→ Exercise:
Transcribe nothing except the lines below that run from the one with "Snapshot of jhacky_sweet" to the one with "Michael Kors Elegant Black Ankle Booties", ends included, and do not copy any picture.

→ Data records:
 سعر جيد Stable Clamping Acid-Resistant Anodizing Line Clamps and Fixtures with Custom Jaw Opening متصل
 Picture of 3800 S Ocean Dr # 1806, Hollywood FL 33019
...
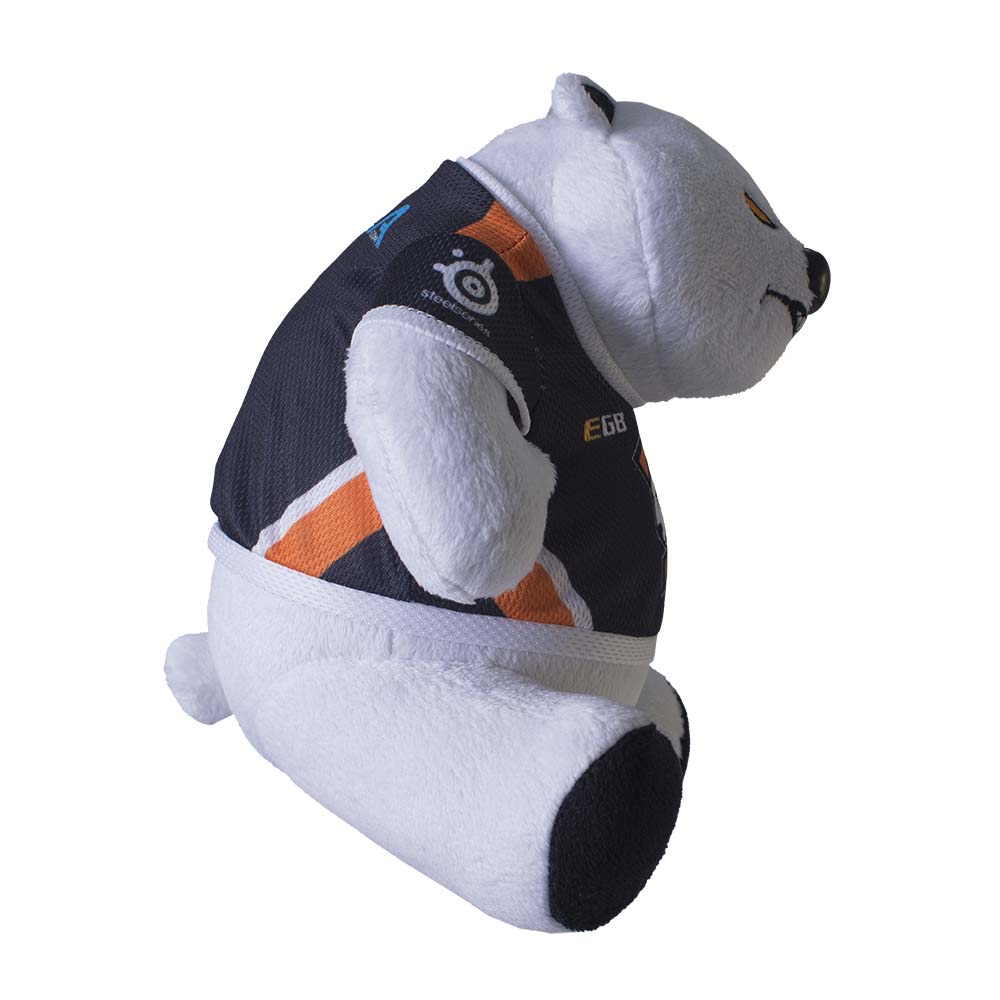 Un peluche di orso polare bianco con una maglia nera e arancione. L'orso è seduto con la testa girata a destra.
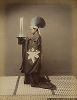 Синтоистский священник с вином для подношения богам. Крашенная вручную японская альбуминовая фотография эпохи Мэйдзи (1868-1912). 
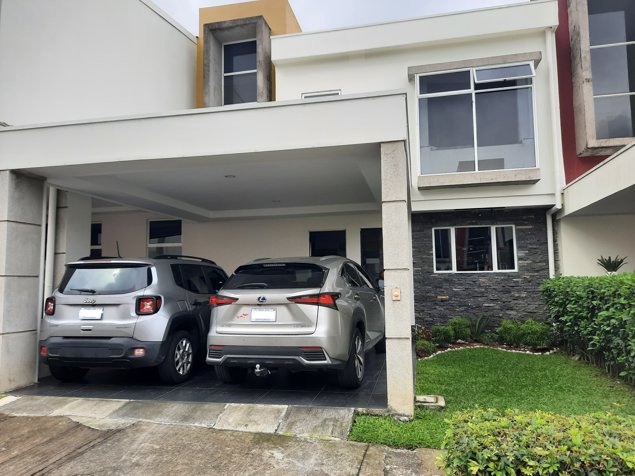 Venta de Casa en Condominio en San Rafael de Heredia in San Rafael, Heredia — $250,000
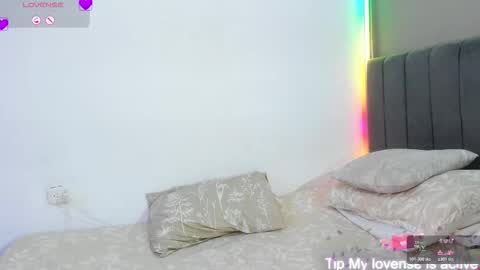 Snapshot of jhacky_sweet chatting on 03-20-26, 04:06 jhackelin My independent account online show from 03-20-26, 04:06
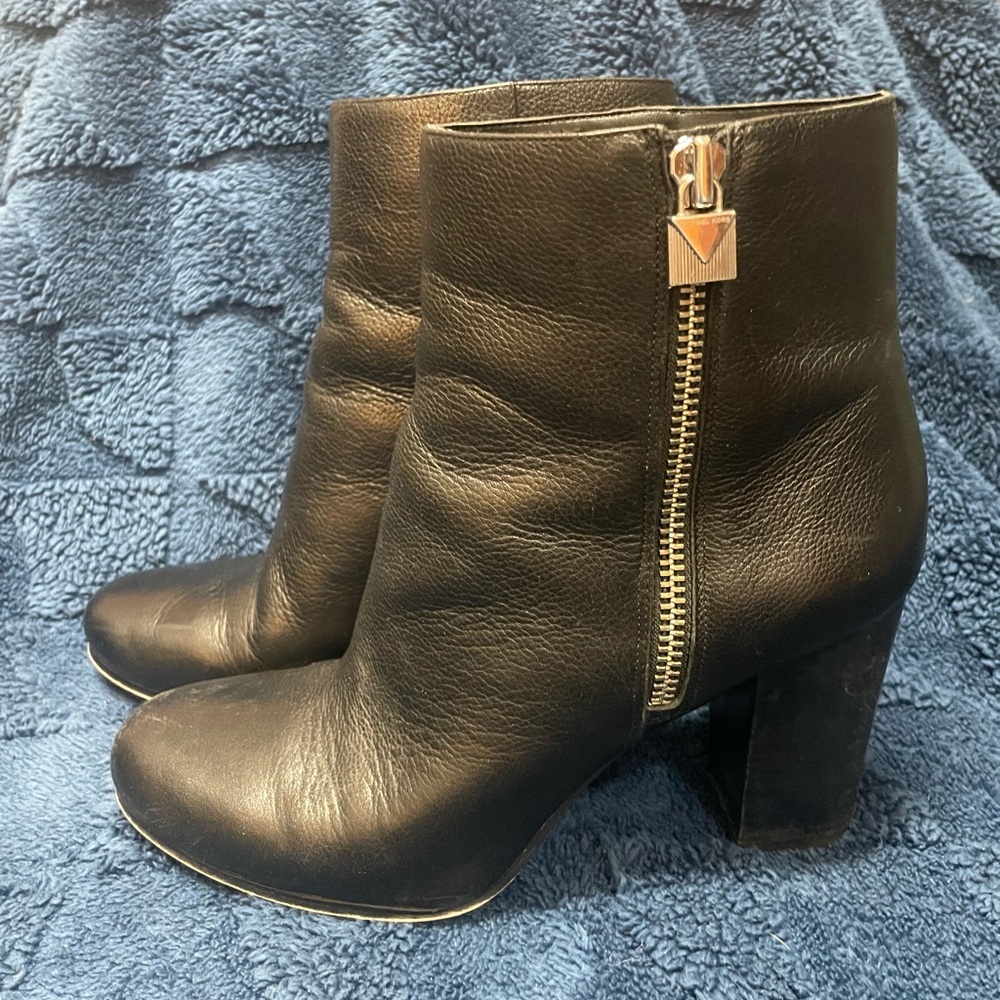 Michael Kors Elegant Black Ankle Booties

→ Answer box:
 Snapshot of jhacky_sweet chatting on 03-20-26, 04:06 jhackelin My independent account online show from 03-20-26, 04:06
 Michael Kors Elegant Black Ankle Booties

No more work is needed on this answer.